While technical critique is all kinds of awesome when it's wanted, it is absolutely, definitely NOT the only kind of feedback that's valid or that an artist will appreciate! If you're nervous about leaving comments on people's art because you're worried your feedback won't be in-depth enough or technical enough, please don't feel that way. There are ways to respond to an artist's work that have nothing at all to do with technical critique, and that's what we're going to talk about today.

Before we get into the main body of the article, I'd like to make one thing really clear. It's very important and it underpins everything else in the article. Ready? 

Not everyone wants critique and this is a perfectly valid choice. There are a million and one possible reasons why someone may not be seeking critique on some or all of the work they upload to DA. Even if you don't know their reasons, even if they haven't stated them, even if they have stated them and you don't agree with them, they are still valid and we should respect each other's wishes. I'd go as far as to suggest that detailed technical critique should really only be left on pieces of art that either have the Critique option enabled or where the artist has clearly stated in the description (or made it super clear on their profile page) that they're looking for critique and/or technical suggestions.

So, you've found some art you enjoy and you'd like to leave a comment that isn't technical critique, but you're stuck. Don't worry. Here's an approach that will work for almost anyone!

Focusing on what you can talk about

For example, what did you like best about the piece of art? What immediately captured your attention and inspired you to click on the thumbnail for a closer look? What interested, intrigued and fascinated you? What made you smile? If you're stuck with describing precisely why you adore something in deep and meaningful terms (we all have those days), you can almost always express that feeling in a simple way. This doesn't require any technical knowledge of the medium at all. You can know you love the shapes in a fractal or the colours in a hand-made dress without being able to explain the underlying theory that makes those particular shapes or colours beautiful to you. You can just appreciate them in your own way, then share that appreciation with the artist.

Talking by TanyaSimpson

Crossing language barriers

If you're moved to comment on something and you don't share a language with the artist, check out online translation tools. Of course they won't always offer an opportunity for the most eloquent comments, but they'll help you to say something short, simple and to the point, like, "I love the colours" or "This picture is beautiful". If all you can manage is to leave a comment in your own language, do it anyway. Include an emote to show your general feeling. Just go for it. At worst, the artist will see a positive emote and know the comment was positive. At best, they'll translate it and reach something closer to the full meaning. Those are both pretty great outcomes!

Language by TanyaSimpson

Detailed commenting without technical critique

If you want to go more in-depth with your comments but for whatever reason aren't equipped to get technical, you can still do that and it will still be appreciated.
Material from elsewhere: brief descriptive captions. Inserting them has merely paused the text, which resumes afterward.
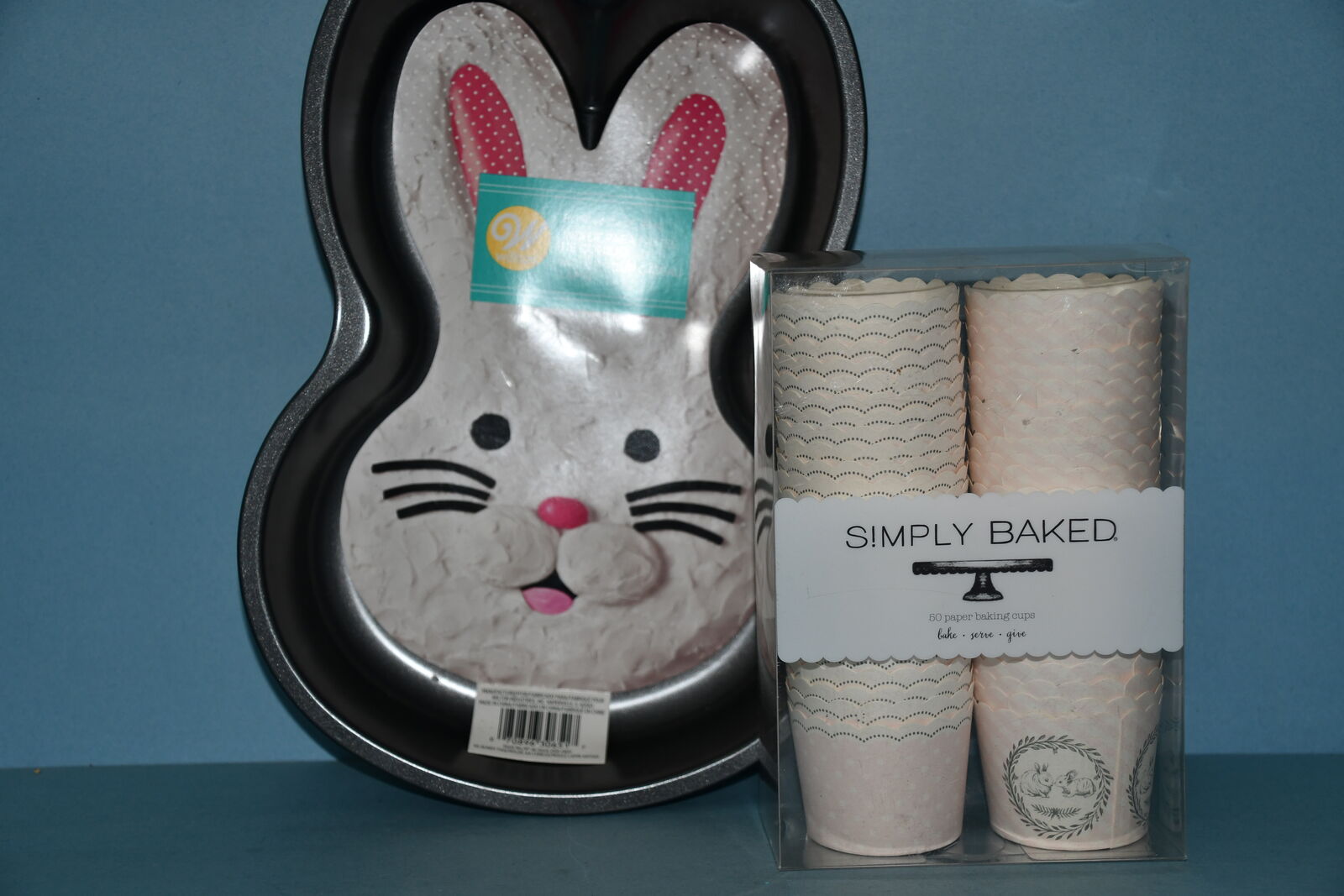 NIP ~ WILTON EASTER BUNNY CAKE PAN & 50 "SIMPLY BAKED" BAKING CUPS ~ CUTE & CLEAN!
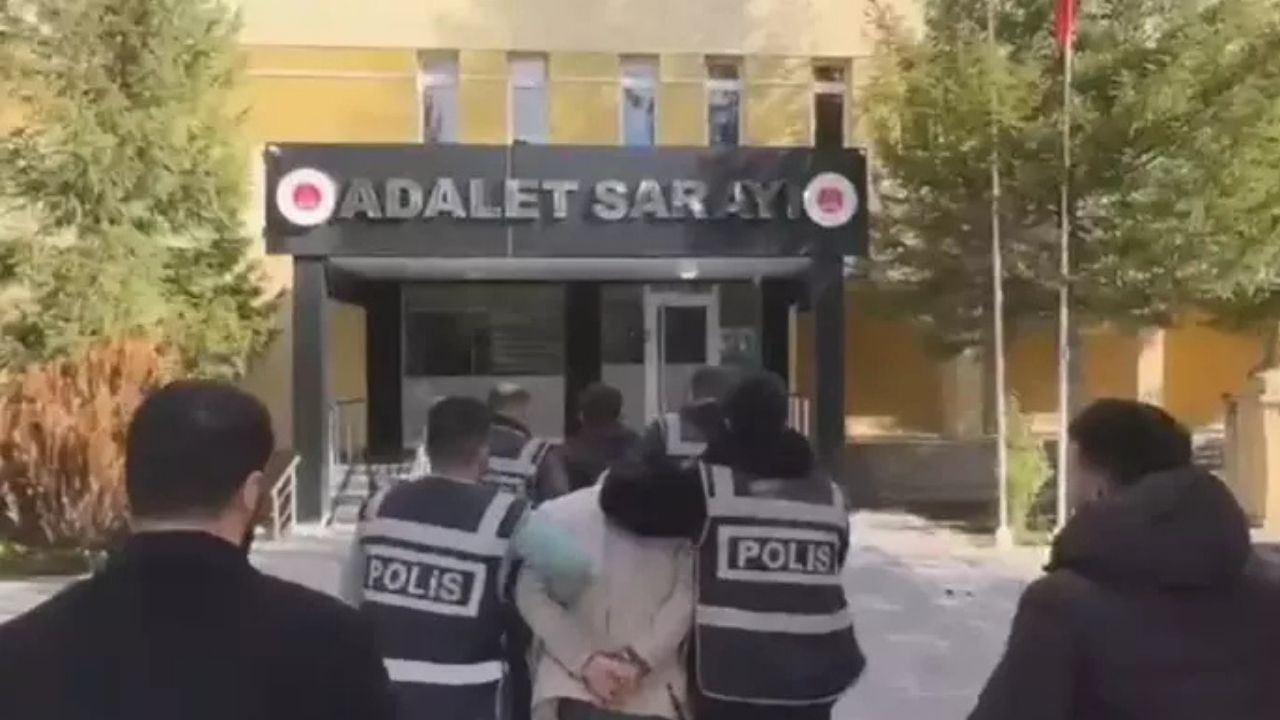 Bayburt’ta köpek sahiplenmek isteyenleri dolandıran 2 kişi yakalandı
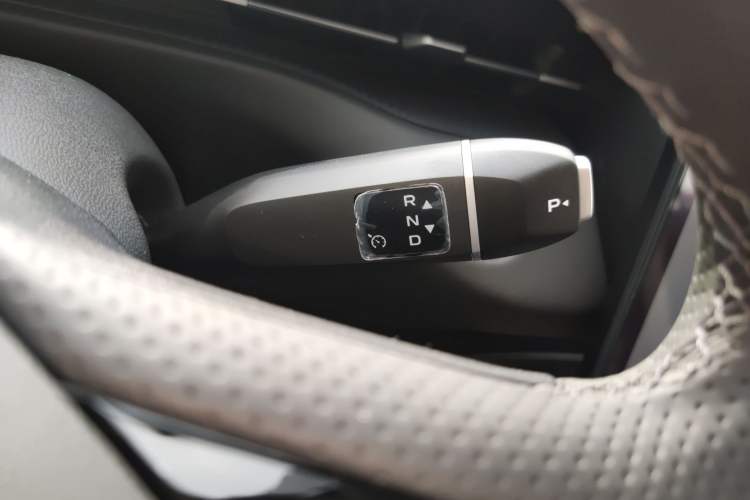 Used CHANGAN Eado PHEV 2025 Smart New Blue Whale 145KM High-Energy Edition Gear Lever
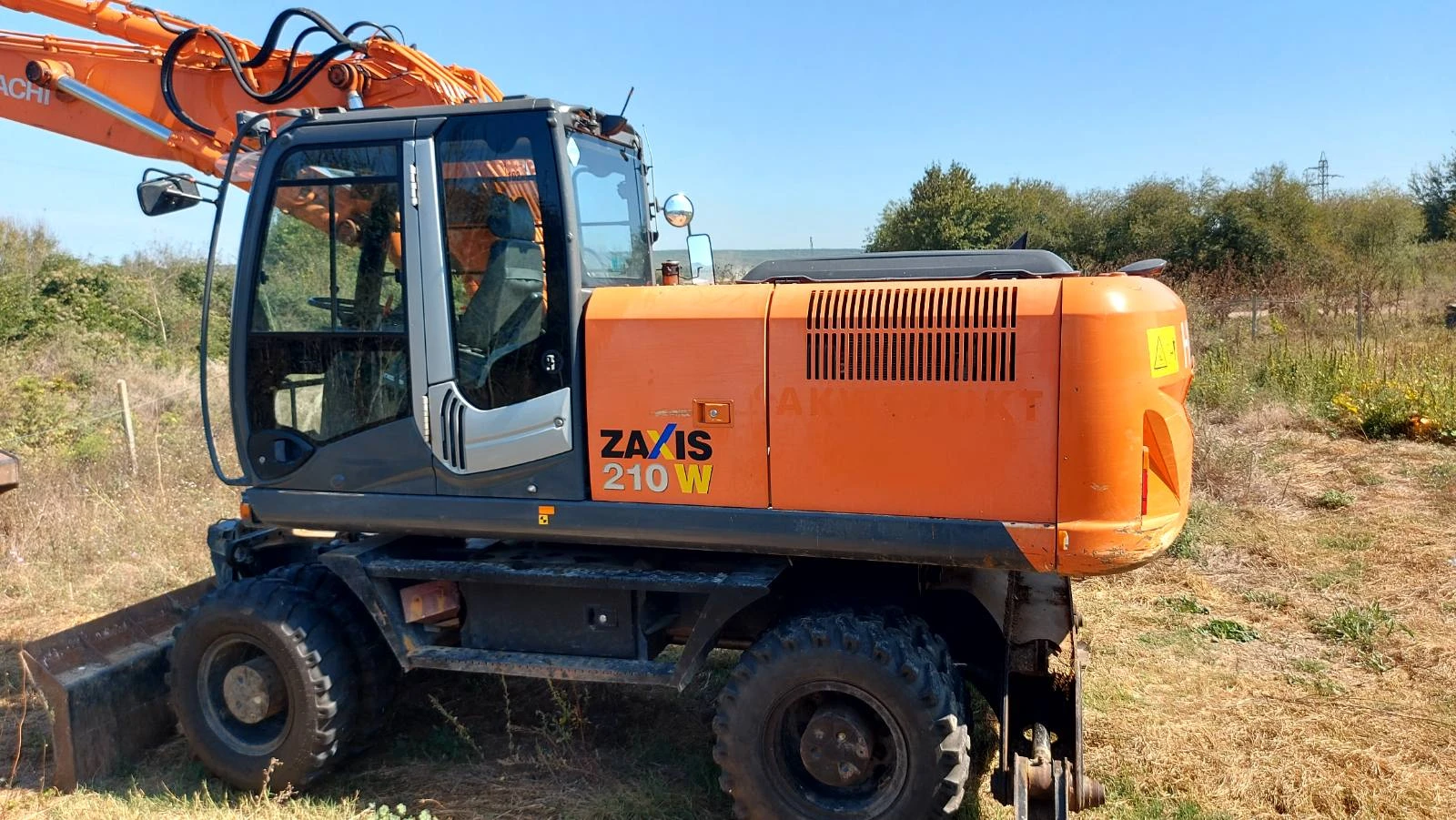 Багер Hitachi 210W-3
One of the most incredible things about art is how it sparks emotions and reminds us of experiences we've had. Perhaps you can't explain exactly why the composition of that picture is great, but you can explain why it reminds you of a holiday you took with your family when you were five or gets you excited for winter, for example. Put yourself in the other person's shoes. How would you feel to know you'd brought a treasured memory to the front of someone's mind or made them think about their favourite season?

Love by TanyaSimpson


There is a beautiful spectrum of joy and emotion in the world of comments between detailed technical critique and "nice pic". It's an amorphous, inspiration-filled place of experience and wonder. Never underestimate the value of simply telling someone why you enjoyed something they created. Use your words in whatever way you can. Be honest. Be real. Say something. Say anything. Connect. Isn't that what we're all here for?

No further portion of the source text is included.